Mississagi River Valley – Ontario at Its Best
I’m driving along the Trans-Canada Highway in northern Ontario passing towns I haven’t thought about since I lived in the small company town of Lively, just outside of Sudbury, more years ago than I care to confess to. Espanola, Spanish, Blind River and Iron Bridge go by before I arrive at Thessalon and the right turn onto Highway 129. I’m headed for the Mississagi River Valley along what biker’s have nicknamed Canada’s ‘The Tail of the Dragon’ looking for the Outpost Lodge where I will spend the next three days exploring an area that has been heralded for its natural beauty since humankind first set foot in the region.
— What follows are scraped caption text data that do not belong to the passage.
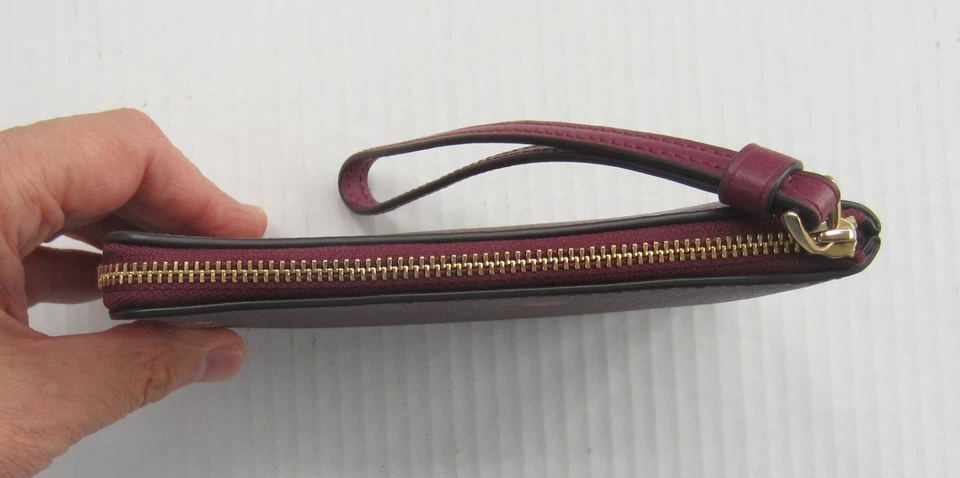 Coach Holiday Bells Corner Zip Wristlet Wrist Wallet Black Cherry CE920 New - Image 3 of 4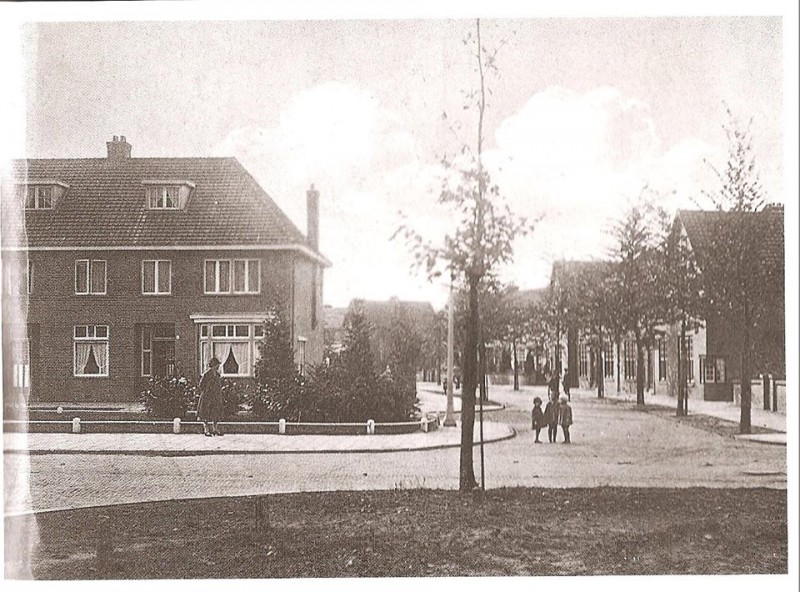 Dr. Schaepmanlaan 6 Zicht vanaf de Cort van der Lindenlaan richting Loudonlaan 1926.jpg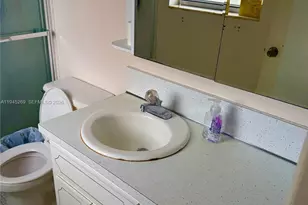 [Address not provided], Hallandale Beach, FL 33009 - Photo 19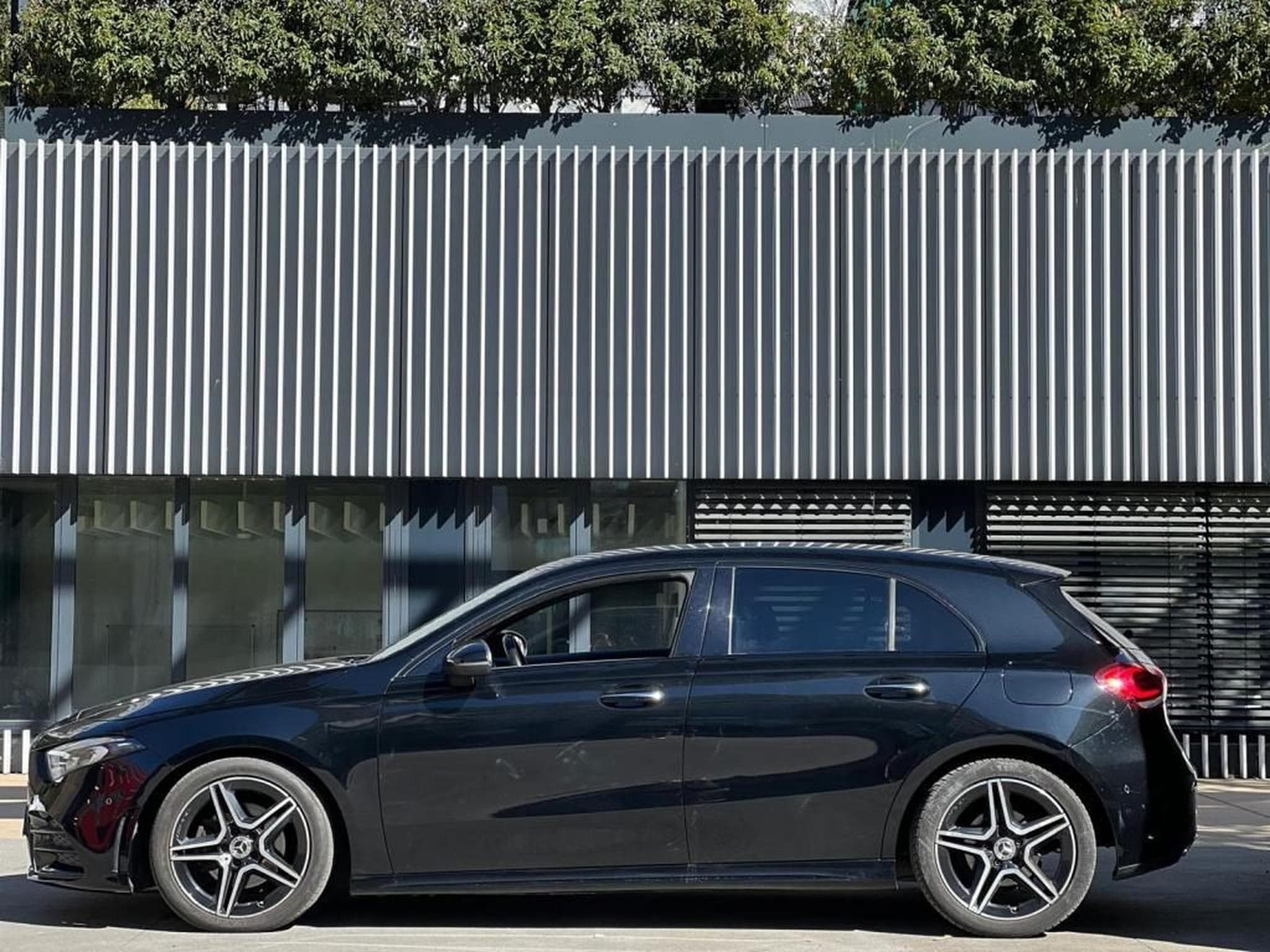 Mercedes A 180 Automatique / Alcantara / Diesel / (2021) - Foto 6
Hope you’ll come along for the ride and the hike and the fishing and the – well you get the idea, there’s a hell of a lot to see and do. So let’s get going on this first post from Ontario since I went fishing in the Kawarthas a few years ago.
At first the scenery is good, but not great, until just past the whistlestop of Wharncliffe when the Mississagi River first comes into view. The land has been steadily rising and the hills have started their rolling, each covered with a blanket of mixed deciduous and coniferous forest that shimmer in a thousand shades of green. It’s a beautiful forest and then come the blue, blue lakes that in combination with the forests and the occasional rock outcroppings for which the Canadian Shield is well known, make for a scene so stereotypically Canadian that you know you couldn’t be anywhere else in the world. This is the Canada that was introduced to the world by Tom Thomson and the Group of Seven. Even though millions of Canadians have never actually been this far north, for them and pretty well everyone else in the country who has, this is our essence. This IS Canada. Before I get a blast from the west coast, the Rockies, the prairies, the far north, the Quebecois, the Maritimers and the Newfoundlanders, I believe you are all part of our core existence and Canada would not be Canada without you, but this post is about northern Ontario, so let it have its day in the sun. It deserves it.
As I drive by Tunnel Lake Trading Post, there be dragons! I quickly turn around and take a closer look.
Resisting feeding the dragons will be easy, the black flies, not so much.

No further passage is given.